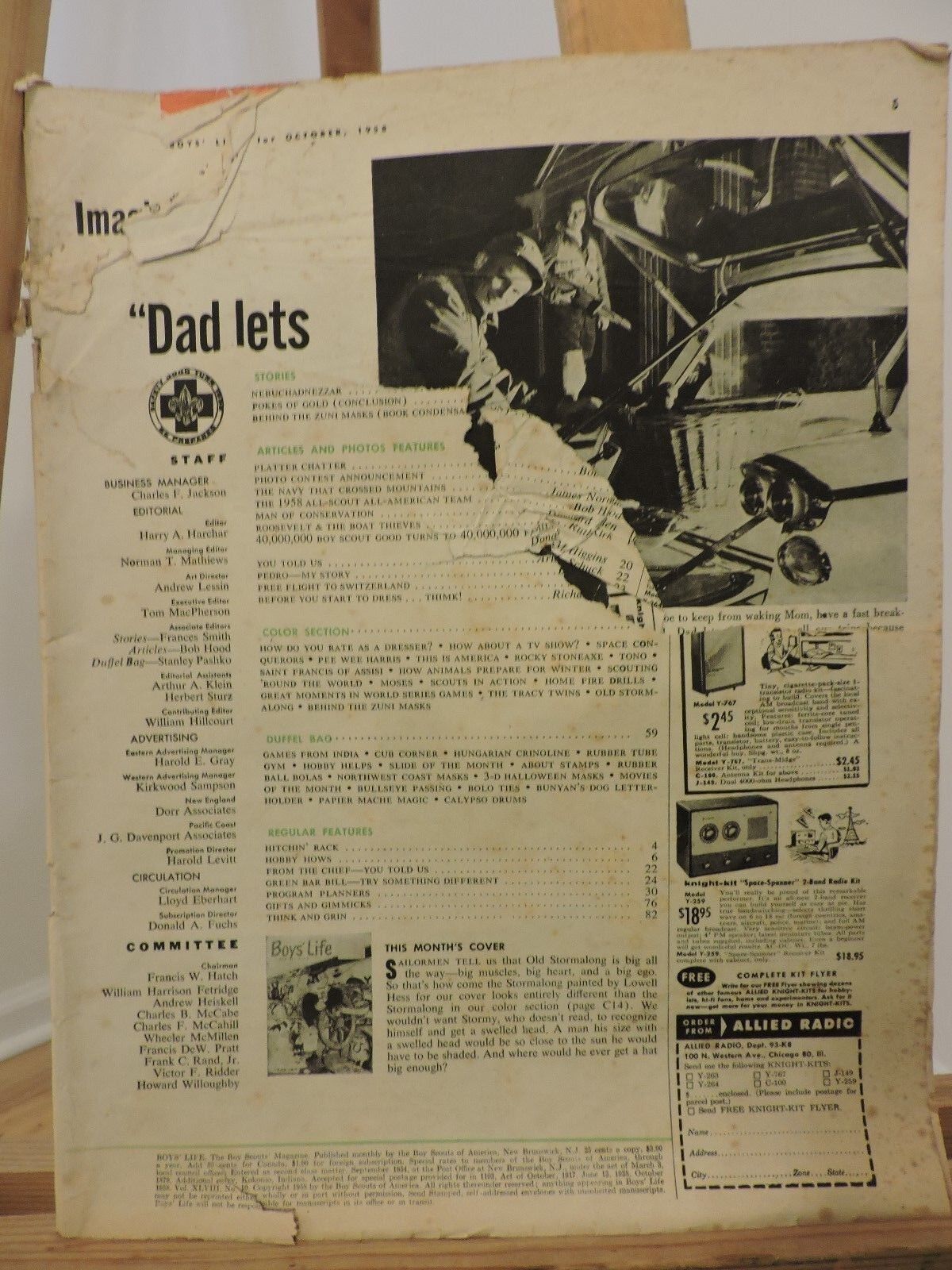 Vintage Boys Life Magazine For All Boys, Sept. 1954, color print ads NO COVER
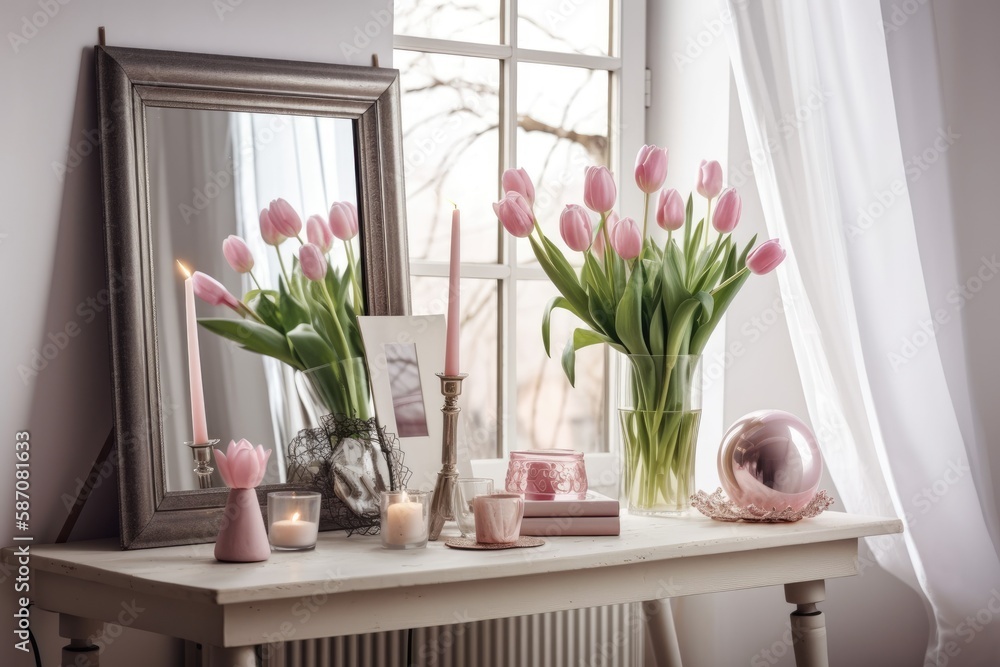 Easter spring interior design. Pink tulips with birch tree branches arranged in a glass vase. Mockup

---

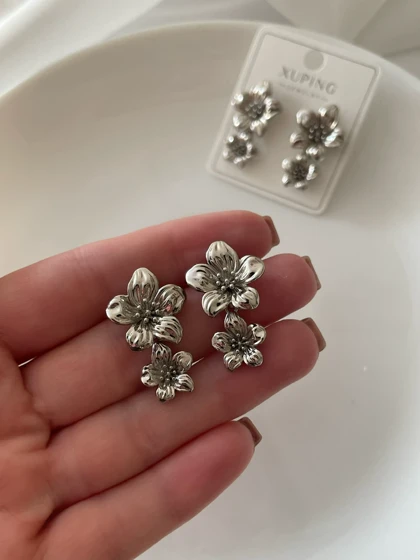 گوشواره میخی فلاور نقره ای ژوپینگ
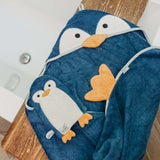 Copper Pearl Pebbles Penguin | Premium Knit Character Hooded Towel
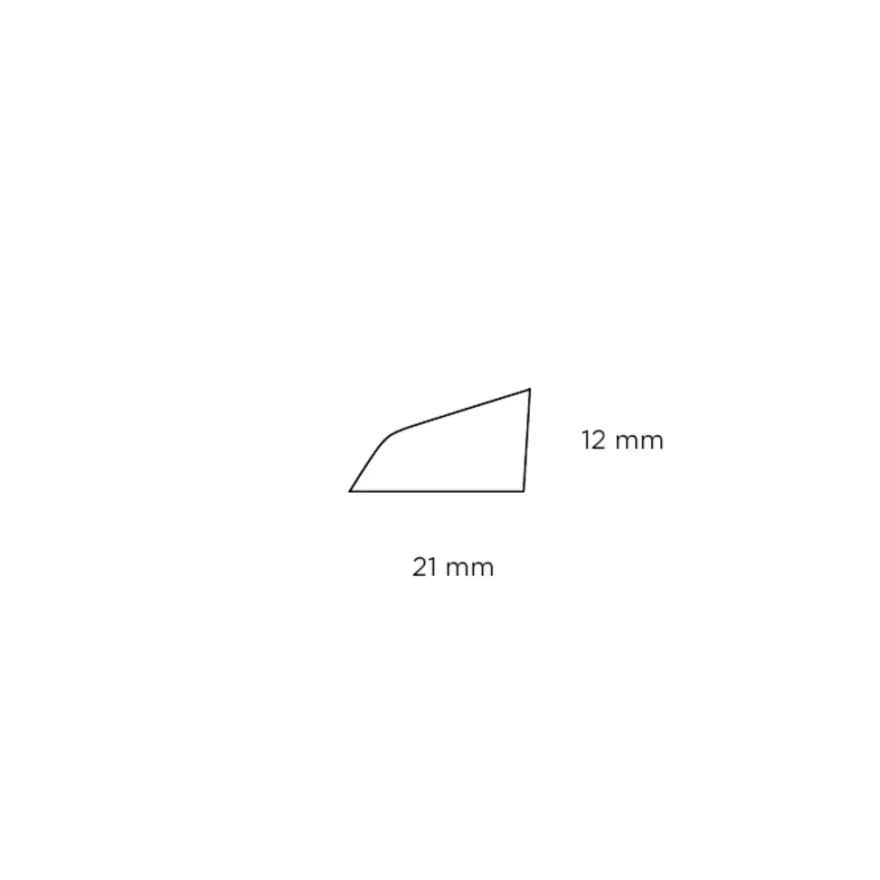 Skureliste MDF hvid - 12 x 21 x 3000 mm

EXERCISE DIRECTIONS> Copy back exactly the lines above from the one containing "گوشواره میخی فلاور نقره ای ژوپینگ" through the one containing "Skureliste MDF hvid - 12 x 21 x 3000 mm", and leave every picture behind.

REPLY>
 گوشواره میخی فلاور نقره ای ژوپینگ
 Copper Pearl Pebbles Penguin | Premium Knit Character Hooded Towel
 Skureliste MDF hvid - 12 x 21 x 3000 mm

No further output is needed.